__Data section__:

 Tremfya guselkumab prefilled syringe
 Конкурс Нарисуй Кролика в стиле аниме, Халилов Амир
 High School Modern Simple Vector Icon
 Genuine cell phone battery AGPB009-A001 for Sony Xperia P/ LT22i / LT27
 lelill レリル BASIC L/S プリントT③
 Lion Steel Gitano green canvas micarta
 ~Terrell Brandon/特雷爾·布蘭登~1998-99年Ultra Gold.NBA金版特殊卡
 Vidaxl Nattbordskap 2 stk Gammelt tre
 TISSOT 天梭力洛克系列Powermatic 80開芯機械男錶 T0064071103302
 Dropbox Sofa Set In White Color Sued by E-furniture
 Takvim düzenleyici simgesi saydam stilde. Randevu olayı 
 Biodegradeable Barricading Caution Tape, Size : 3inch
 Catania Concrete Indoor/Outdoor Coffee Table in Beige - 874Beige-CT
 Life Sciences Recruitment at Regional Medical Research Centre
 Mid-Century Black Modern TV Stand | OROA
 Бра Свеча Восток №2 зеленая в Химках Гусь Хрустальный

__Task prompt__:
The answer should consist only of the lines from the line containing "Mid-Century Black Modern TV Stand | OROA" through the final line of the listing above, reproduced exactly.

__Your response__:
 Mid-Century Black Modern TV Stand | OROA
 Бра Свеча Восток №2 зеленая в Химках Гусь Хрустальный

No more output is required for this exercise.